The Spirit led church is the only church that will count in the end. Peter could have prepared a killer sermon for the day of Pentecost. The church could have been ready to receive thousands of new members by putting policies and procedures and organization and structure in place. They could have baked the communion bread, prepared the budget, and accomplished a thousand other things that must be done. But if they had done all that and not waited for God to move none of it would have mattered. It sounds crazy to us, but the most practical way to grow a church is to wait in prayer for the power of God. There will come a time for doing. But the church is born out of a power not our own rather than a power derived from within.

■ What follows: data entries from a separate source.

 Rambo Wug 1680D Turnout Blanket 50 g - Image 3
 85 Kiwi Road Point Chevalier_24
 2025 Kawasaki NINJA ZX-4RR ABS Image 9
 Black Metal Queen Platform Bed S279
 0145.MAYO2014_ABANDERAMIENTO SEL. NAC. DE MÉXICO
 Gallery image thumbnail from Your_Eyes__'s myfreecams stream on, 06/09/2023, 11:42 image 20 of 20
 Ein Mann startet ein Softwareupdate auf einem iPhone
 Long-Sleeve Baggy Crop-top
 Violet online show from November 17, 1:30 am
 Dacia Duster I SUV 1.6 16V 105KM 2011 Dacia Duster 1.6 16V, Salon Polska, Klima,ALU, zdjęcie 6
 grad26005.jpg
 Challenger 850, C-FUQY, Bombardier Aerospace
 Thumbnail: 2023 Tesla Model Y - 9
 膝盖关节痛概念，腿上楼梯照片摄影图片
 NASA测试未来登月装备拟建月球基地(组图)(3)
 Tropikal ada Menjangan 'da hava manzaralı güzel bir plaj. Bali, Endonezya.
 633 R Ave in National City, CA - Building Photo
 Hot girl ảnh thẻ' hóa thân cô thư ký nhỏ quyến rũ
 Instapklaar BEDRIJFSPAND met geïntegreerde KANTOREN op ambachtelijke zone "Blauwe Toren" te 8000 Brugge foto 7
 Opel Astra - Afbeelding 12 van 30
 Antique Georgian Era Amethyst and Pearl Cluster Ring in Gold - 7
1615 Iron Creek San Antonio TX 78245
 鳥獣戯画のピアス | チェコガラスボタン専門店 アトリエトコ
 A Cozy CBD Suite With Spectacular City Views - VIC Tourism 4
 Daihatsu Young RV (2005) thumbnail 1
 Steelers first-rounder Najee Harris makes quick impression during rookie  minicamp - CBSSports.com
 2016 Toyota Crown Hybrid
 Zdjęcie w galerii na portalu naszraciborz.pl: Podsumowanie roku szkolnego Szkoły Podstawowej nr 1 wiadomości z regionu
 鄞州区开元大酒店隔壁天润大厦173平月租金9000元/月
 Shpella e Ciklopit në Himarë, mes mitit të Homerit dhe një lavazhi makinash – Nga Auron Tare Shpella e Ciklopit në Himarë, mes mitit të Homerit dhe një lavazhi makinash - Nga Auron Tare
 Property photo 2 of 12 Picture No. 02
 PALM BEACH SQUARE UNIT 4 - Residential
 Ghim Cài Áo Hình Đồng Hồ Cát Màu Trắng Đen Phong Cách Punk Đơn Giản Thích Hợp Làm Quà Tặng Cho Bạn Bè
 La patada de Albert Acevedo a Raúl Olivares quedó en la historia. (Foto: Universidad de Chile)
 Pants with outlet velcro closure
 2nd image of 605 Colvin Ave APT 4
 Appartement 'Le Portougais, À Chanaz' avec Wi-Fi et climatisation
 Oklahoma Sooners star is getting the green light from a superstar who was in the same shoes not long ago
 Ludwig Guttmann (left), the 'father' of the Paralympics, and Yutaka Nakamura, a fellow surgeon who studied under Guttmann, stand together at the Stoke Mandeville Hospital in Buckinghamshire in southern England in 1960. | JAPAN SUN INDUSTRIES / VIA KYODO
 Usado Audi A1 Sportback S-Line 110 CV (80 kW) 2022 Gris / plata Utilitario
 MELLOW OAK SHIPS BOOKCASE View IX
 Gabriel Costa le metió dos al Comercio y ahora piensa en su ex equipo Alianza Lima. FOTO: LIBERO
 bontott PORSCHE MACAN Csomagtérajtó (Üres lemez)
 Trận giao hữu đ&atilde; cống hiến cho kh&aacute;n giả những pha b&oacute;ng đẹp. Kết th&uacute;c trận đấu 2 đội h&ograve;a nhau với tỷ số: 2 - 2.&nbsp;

So for all of us impatient leaders, what are we waiting for? Why not wait for the promise of the Father? Why not wait for the power of God? It will come, and when it does, we must move. But let us bow ourselves to the Father and stay low before him first, patient and expectant. Then, and only then, will the church receive thousands for the kingdom. The waiting church is the powerful church. Counter-culture, I know, but biblical. Would the book of Acts exist as it does if not for those waiting hours at the beginning? Let us wait on God to act, and then let’s move. But let us beware of moving before God does. The church should be after what only God can do. We've seen enough of what man can do.

As Martyn-Lloyd Jones says in his wonderful book, Revival, “When God acts, he can do more in a minute than man with his organising can do in fifty years.”